Ten speakers of Standard High German with no remarkable difference in their dialect were recorded. The five female and five male participants reported no speech impairment. All subjects had an academic, but non-linguistic background and were not aware of the purpose of this investigation. The participants’ age ranged from 25 to 60 years.

4.3.3 Method

Two different recording tasks, (1) a reading task and (2) a sentence-composing task, were chosen in order to exclude effects elicited by the tasks themselves as the reading task is meant to induce a more formal pronunciation than the more spontaneous sentence-composing task.

For the reading task, the participants were asked to read the sentences appearing on a laptop screen at intervals of 1 sec. The word containing the target sound was always positioned in the nominal phrase, preceded by the definite articles die [di:] ‘the’

(FEM) or der [de©] ‘the’ (MASC). The German neuter definite article das [das] ‘the’

was not used at all. Finally, the whole sentence structure consisted of a definite article and its subject followed by a verb and an object. The sentence context was different for each word, for example, the contextual frame for the word Pfaffe ‘cleric’ was der Pfaffe hat Hunger ‘the cleric is hungry’ and for Zapfer ‘tapster’ der Zapfer hat Spass

‘the tapster is having fun’.

For the sentence-composing task, the subjects were asked to compose sentences with two randomly mixed target words, appearing simultaneously on the laptop screen. The words were the same as in the first task. It was emphasized that there was no need to form a meaningful sentence. The words were presented in intervals of 4 sec to gain an almost natural speaking style. An illustration sentence (that made no sense) was presented to the subjects before the session began. For example, the words Apfel

‘apple’ and Katze ‘cat’ were presented to the participants and could result in a sentence such as “der Apfel liegt auf der Katze”, ‘the apple lies on the cat’. Naturally, the responses of the participants varied greatly among the subjects, and therefore, the preceding sound or word of the target was not predictable as it depended on the subjects’ creativity.

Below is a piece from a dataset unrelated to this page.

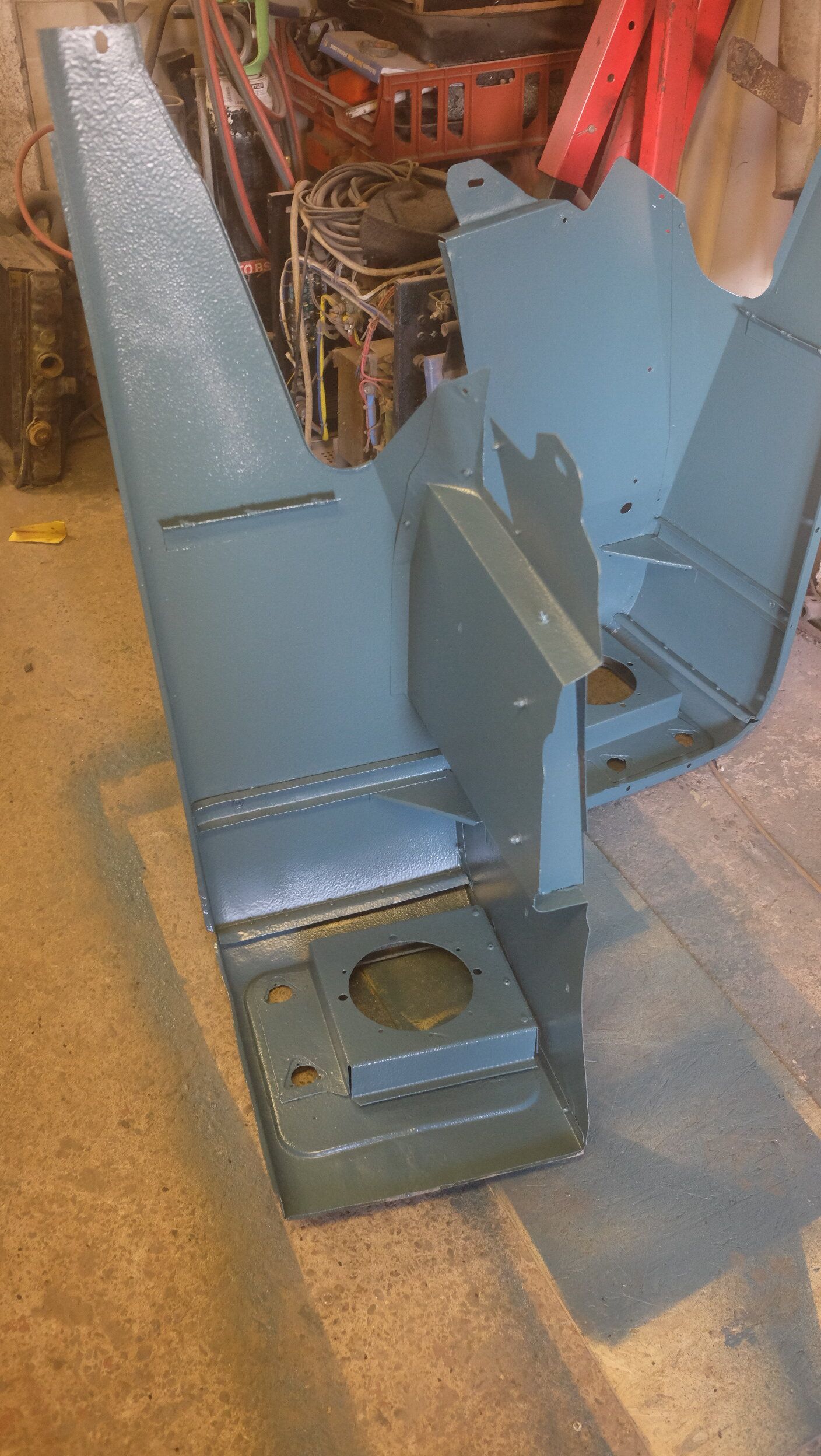 DSCF8187.JPG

The stimuli were presented to the subjects via Microsoft PowerPoint. The items within each recording scenario were presented randomly to avoid priming effects and to conceal the goal of the investigation. The data was recorded on a Sony DAT recorder TCD-D100 using the Sony ECM-MS 957 condenser microphone. The

microphone was placed on the left side of the laptop on a stand, at an approximately 45-degree angle, about 30 cm away from the speaker, directed to the speakers’ mouth.

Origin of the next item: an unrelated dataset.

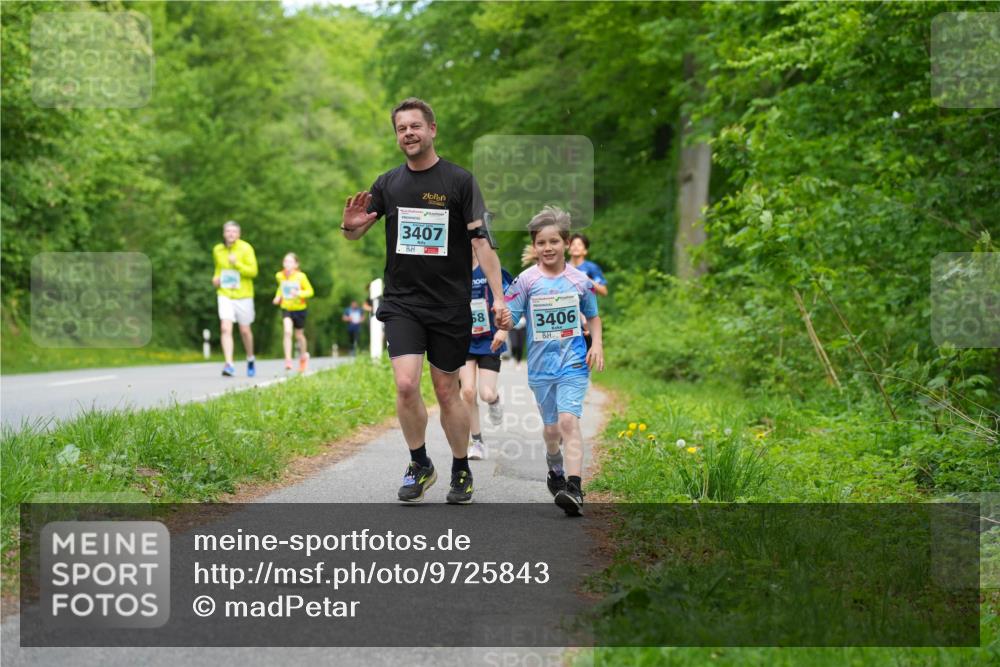 09.05.2026 - Störlauf LAZAROV Photography http://msf.ph/oto/9725843 09.05.2026 16:25:43 Laufen 3407, 68, 3406 meine-sportfotos.de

Hence, the airflow was not directly hitting the membrane of the microphone. The recordings were made in various furnished rooms with little reverberation. During the recordings, background noise, for example, that of other people, traffic, doors, naturally occurred, since the aim was to collect almost natural speech data accompanied by noise, the average automatic speech recognizer has to cope with as well. Another positive effect was that the subjects acted more relaxed in their familiar environments.

A recording rate at 44.1 kHz and 16 bit resolution was chosen. The speech data was downsampled to 22.05 kHz on hard disc, using an anti-aliasing filter.